On 10/31/2010 2:27 PM, Edwin Woollett wrote:
> On Oct. 30 Dieter Kaiser wrote:
> -----------------------------------
>> Yes, you are right, to correct the bug sqrt(1/z) -> 1/sqrt(z) for z<0,
>> at first this type of simplification has been switched of completely. In
>> a next step this type of simplification has been made available for z>0.
> ----------------------------------------------------
> The original bug you mentioned in your note of 8-30-09
> was that sqrt(1/z) automatically simplified to 1/sqrt(z)
> irrespective of declarations.
>
> I agree that the first step is to remove that bug and allow the
> simplification to occur if z is real and positive.
Just to make sure you understand my perspective: I view this as wrong.
Even if z is real and positive, there are still two values of sqrt(z),
and the choice
of which one to use depends on which one you wish to use.
You can assert some disambiguation so as to try to avoid a situation in
which
there are 2 or more instances of sqrt(<some expression> ) so you keep
the same
interpretation. You can even try (as here) to make sure that sqrt(A*B)
is consistent
with sqrt(A)*sqrt(B) when they occur in the same expression. That does NOT
mean that the sign of z determines the sign of sqrt(z).

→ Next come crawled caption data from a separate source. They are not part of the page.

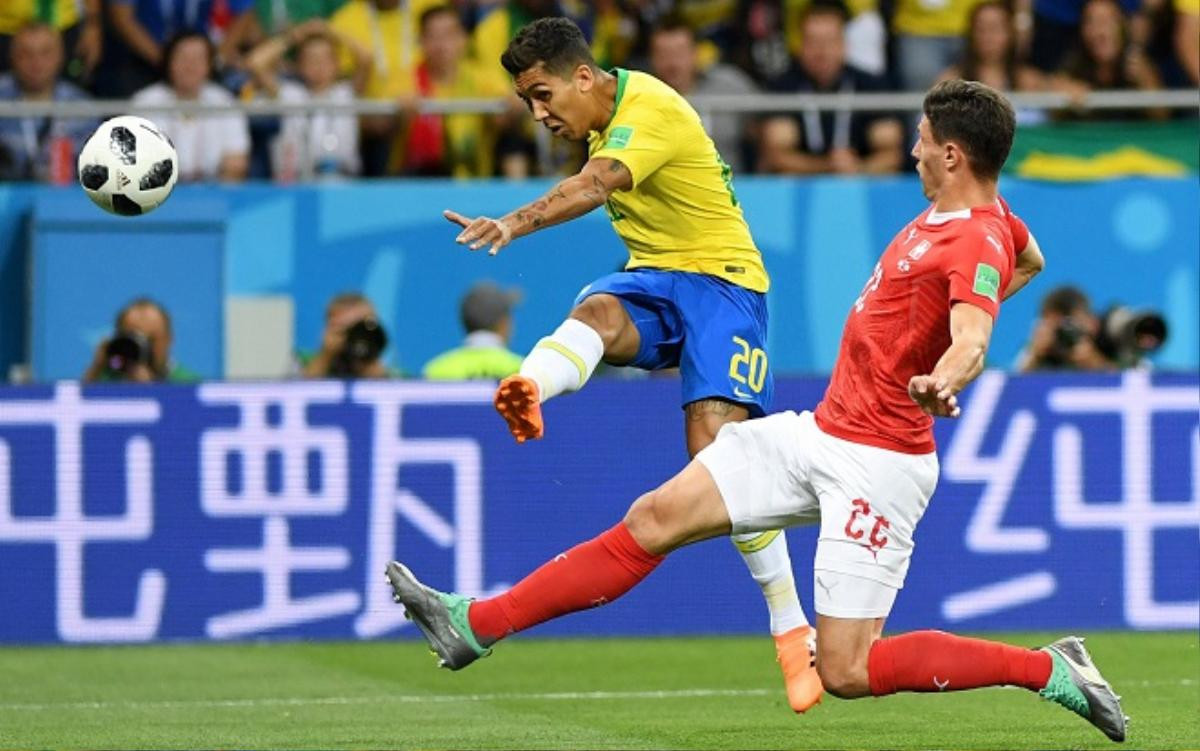 Brazil có rơi vào thảm kịch như Argentina? Ảnh 4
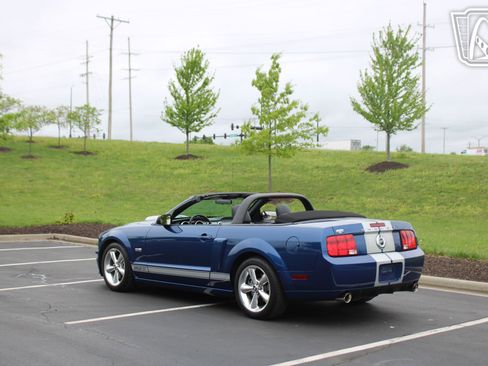 Used 2008 Ford Mustang GT image 7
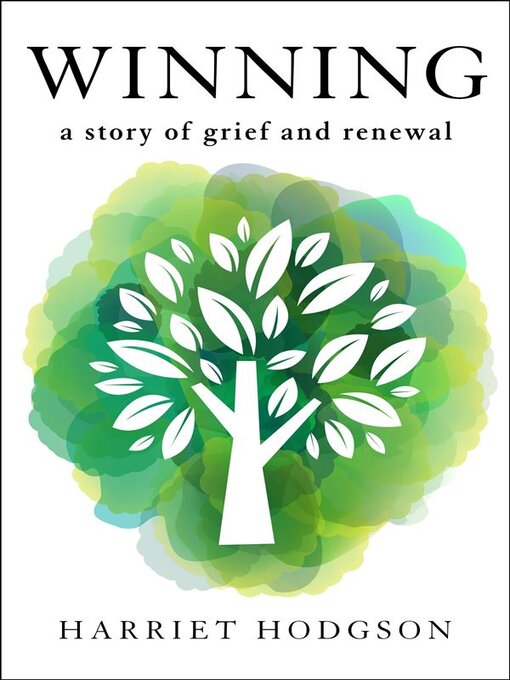 Title details for Winning by Harriet Hodgson - Available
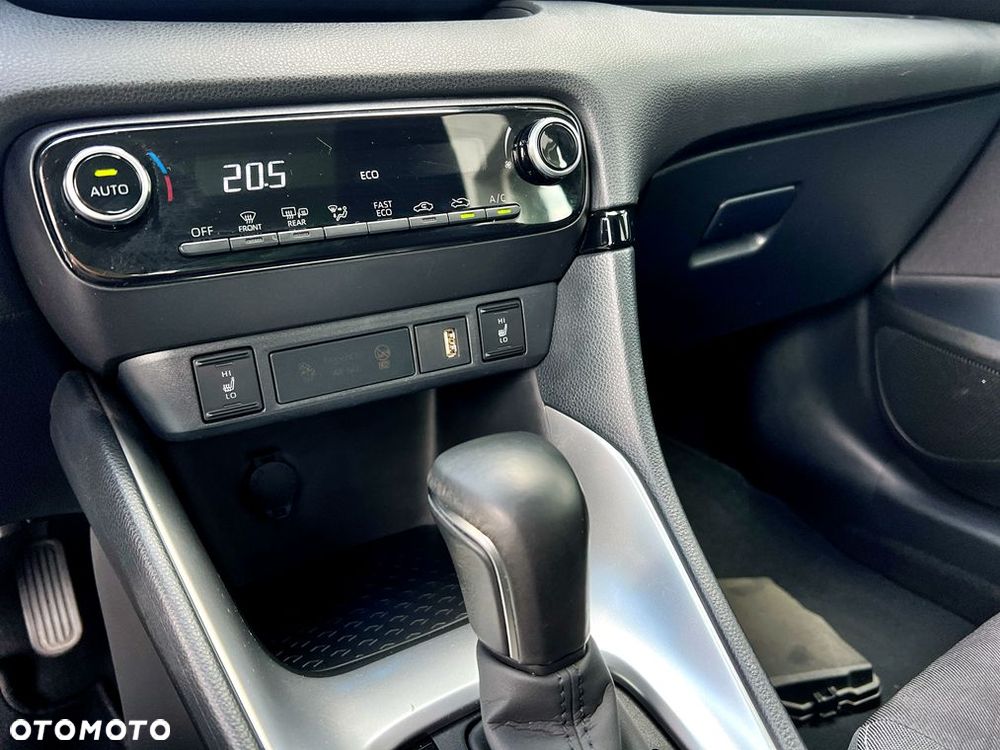 Toyota Yaris Hybrid 1.5 Comfort - 13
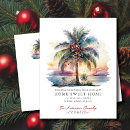 Search for beach change of address postcards Palm trees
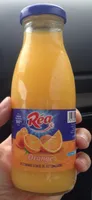 Jus d'Orange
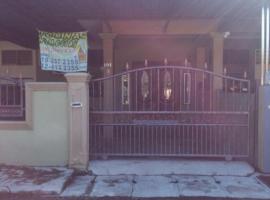 Deenaz Utara Homestay, Hotel in Alor Setar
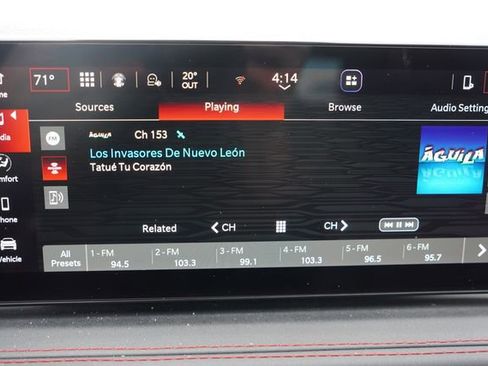 Used 2024 Dodge Hornet GT w/ GT Blacktop Package image 23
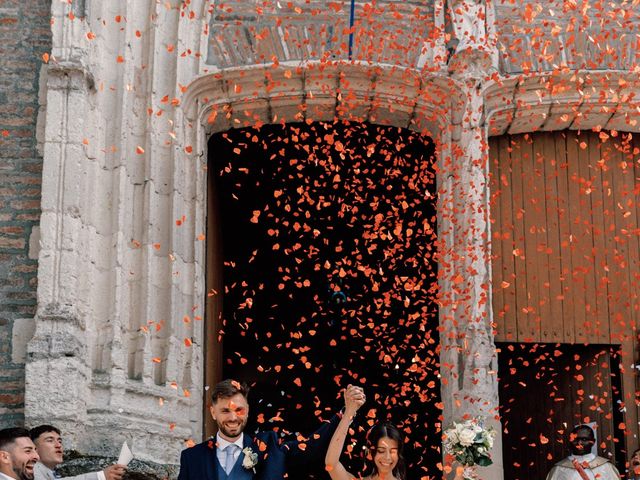 Le mariage de Rémy et Manon  à Castelsarrasin, Tarn-et-Garonne 6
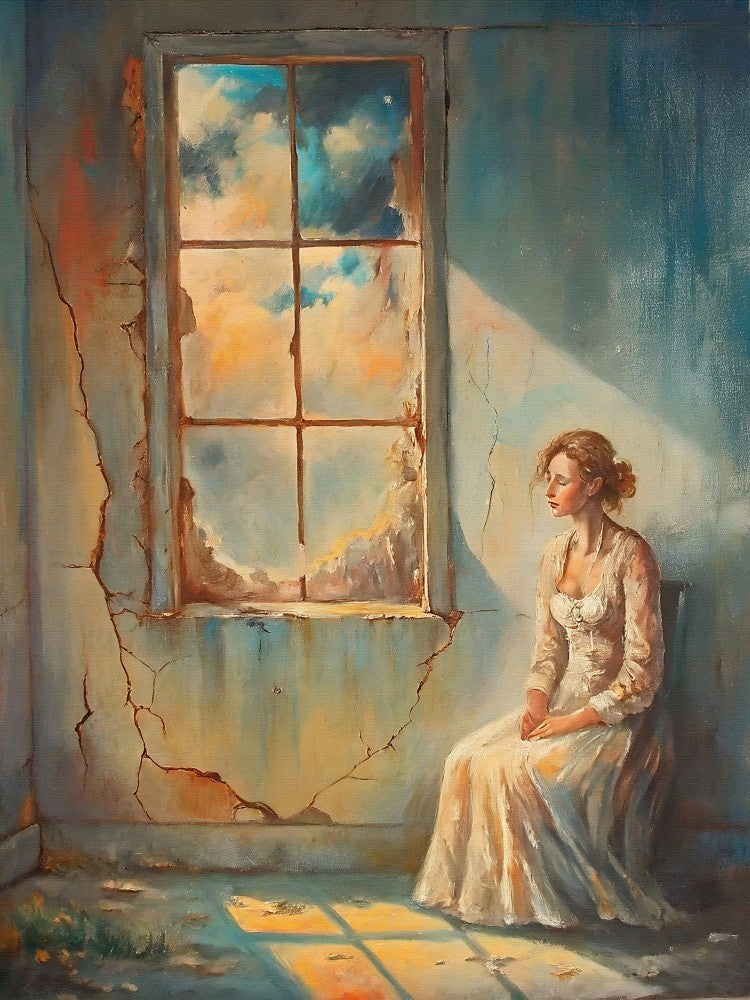 Dreams Through a Broken Window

In one chapter in my phd dissertation I discuss one way of choosing. It
does NOT
require (or use) assumptions. It assumes some ordering among variables, e.g.
x<y<z. It then picks the leading term, and finds, in the limit as all
variables go to +infinity,
the sign of the radicand. It makes that sign positive, if necessary by
factoring out
a root of (-1).
All (unnested) radicals should then be consistently "signed".
This is what radcan does. When it appears that radcan is affected by
assumptions,
that is because either the input or the output of radcan is transformed,
and does not
affect the radcan algorithm. At least the way it was written originally.